◆ **Exercise directions**:
The full listing needs to be output exactly.

◆ **Dataset section**:
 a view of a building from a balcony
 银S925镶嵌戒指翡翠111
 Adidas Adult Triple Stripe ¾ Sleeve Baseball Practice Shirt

◆ **Expected answer**:
 a view of a building from a balcony
 银S925镶嵌戒指翡翠111
 Adidas Adult Triple Stripe ¾ Sleeve Baseball Practice Shirt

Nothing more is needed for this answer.